Remember the days when the family phone hung on a wall in the kitchen? Remember the days of there being a family phone at all? Teenagers today only know of the accessibility of their own cell phones camping in their back pockets, which communicate to several people at once in ways unimaginable 20 years ago.
Plenty of factors have changed today’s society, influencing the way teens behave and expanding the things they are exposed to. Technology, social media and peer pressure can be hard during adolescence — for the teen and the parents. Ames Living talked to four sets of parents about the challenges and adjustments they are facing while raising teenagers as society continues to present obstacles. Parents in Ames explain what works for them — and what doesn’t.
Technology and freedom
Cheryl and Joe Baumgarten moved from the East Coast to Ames; the quality of the schools and safety in the community for their son, Alex, drew them to the town. While the Baumgartens feel Alex is safe in his physical environment, they know they can’t fully control his exposure to things like bullying and violence via social media, online games and other applications enabled by technology and the Internet.

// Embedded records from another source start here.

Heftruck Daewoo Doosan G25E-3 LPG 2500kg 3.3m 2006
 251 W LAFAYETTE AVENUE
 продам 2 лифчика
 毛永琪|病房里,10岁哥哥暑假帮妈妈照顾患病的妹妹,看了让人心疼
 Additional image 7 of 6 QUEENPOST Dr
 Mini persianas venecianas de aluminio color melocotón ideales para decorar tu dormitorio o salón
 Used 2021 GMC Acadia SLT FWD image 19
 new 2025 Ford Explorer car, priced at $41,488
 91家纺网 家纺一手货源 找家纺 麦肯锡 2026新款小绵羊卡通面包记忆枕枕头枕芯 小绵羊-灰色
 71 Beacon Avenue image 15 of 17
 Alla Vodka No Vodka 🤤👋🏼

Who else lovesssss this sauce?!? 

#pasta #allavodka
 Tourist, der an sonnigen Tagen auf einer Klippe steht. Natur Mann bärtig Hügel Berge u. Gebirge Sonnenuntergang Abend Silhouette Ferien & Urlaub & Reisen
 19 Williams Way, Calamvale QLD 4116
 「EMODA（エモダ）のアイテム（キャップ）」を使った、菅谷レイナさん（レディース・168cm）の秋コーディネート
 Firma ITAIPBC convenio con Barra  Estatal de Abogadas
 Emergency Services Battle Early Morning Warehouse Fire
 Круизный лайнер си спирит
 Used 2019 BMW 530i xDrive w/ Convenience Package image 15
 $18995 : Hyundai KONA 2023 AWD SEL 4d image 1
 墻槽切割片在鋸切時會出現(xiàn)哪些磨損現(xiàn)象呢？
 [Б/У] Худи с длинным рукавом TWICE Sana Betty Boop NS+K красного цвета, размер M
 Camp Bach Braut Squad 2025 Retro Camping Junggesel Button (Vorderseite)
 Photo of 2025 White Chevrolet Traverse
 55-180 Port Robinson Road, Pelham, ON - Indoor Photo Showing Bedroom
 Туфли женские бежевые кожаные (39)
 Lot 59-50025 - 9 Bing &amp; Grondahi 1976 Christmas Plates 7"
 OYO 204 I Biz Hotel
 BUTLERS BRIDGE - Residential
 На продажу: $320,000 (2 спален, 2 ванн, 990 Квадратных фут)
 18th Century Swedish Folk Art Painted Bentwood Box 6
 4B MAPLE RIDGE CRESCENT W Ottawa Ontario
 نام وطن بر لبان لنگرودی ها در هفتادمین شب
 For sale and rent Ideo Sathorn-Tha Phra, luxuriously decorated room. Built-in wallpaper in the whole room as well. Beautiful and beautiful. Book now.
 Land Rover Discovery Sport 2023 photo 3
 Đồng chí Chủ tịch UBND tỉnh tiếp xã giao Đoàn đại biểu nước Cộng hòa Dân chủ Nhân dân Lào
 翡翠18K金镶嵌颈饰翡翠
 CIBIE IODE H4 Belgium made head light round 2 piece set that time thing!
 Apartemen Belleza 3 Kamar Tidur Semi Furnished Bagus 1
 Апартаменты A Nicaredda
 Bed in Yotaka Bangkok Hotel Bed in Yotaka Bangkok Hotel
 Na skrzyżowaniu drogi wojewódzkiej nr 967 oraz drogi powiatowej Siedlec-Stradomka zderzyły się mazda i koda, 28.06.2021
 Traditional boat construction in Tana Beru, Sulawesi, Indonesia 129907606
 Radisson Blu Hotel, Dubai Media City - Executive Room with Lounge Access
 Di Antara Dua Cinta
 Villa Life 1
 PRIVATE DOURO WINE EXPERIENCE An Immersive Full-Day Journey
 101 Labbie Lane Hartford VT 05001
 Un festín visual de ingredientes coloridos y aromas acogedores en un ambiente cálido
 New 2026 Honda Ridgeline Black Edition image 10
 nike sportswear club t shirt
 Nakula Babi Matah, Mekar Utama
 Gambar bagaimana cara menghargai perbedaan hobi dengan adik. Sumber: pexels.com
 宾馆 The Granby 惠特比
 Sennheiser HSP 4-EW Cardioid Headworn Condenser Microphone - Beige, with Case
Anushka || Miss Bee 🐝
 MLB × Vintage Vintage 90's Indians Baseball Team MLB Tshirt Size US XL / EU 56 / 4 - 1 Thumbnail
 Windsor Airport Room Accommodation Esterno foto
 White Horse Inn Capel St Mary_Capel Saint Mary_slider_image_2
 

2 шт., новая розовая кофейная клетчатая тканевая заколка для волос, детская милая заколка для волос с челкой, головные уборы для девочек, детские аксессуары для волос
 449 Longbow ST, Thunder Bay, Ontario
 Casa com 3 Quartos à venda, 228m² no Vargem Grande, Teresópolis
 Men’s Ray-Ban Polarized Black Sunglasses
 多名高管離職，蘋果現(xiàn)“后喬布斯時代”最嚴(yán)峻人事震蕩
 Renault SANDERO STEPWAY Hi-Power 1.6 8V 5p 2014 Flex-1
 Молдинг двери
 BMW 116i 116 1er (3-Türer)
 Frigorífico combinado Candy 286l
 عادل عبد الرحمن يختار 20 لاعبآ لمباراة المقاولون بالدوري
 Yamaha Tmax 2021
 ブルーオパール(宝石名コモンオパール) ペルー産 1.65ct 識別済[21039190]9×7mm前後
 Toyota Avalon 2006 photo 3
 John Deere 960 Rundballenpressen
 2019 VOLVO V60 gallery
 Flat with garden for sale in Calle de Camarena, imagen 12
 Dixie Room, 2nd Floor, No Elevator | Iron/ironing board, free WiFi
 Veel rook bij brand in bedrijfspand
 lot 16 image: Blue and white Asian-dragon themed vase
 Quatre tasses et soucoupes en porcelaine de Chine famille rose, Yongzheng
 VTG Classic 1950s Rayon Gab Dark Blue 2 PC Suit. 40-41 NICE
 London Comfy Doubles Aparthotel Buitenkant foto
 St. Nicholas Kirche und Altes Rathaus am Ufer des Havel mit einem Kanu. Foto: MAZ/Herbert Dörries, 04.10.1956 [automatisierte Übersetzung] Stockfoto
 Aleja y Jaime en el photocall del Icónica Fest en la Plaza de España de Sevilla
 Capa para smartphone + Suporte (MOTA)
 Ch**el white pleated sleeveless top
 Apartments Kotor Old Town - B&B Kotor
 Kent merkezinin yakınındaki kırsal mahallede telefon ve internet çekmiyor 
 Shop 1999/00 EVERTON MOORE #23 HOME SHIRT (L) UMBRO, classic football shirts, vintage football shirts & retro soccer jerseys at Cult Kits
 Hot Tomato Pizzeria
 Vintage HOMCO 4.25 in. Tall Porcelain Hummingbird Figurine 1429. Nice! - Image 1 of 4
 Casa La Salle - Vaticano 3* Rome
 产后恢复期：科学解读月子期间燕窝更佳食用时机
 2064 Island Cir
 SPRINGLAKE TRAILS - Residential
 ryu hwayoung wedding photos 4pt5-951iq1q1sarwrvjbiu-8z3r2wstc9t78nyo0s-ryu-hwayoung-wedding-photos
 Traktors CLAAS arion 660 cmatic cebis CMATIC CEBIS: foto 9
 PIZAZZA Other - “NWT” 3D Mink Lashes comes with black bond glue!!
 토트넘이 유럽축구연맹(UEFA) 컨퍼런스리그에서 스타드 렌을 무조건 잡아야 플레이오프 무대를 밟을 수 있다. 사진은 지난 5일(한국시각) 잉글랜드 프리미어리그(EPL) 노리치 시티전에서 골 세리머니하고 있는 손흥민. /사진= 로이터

“So many of the applications that are available today are almost impossible to monitor or filter,” Cheryl says. “This makes it hard for us to feel like we are protecting him fully.”
Cheryl and Joe have parental controls in place when Alex, 14, is on the Internet at home, but they wonder about what he can be exposed to when he is using the internet elsewhere. Cheryl feels the accessibility can put a stress on the teen/parent relationship because, as parents, they feel the need to control and limit exposure to some content.
“They have access to so much more information at a much younger age than we did growing up,” Cheryl says. “We are challenged to find a good balance between giving him the access that he wants and keeping him safe.”
The Baumgartens have also had pleasant surprises as Alex reached his teen years. Cheryl and Joe stress family and religious values, and they expect Alex to give back to the community by volunteering. From snowboarding and other sports to musical instruments, Alex keeps a busy schedule, which his parents are proud of.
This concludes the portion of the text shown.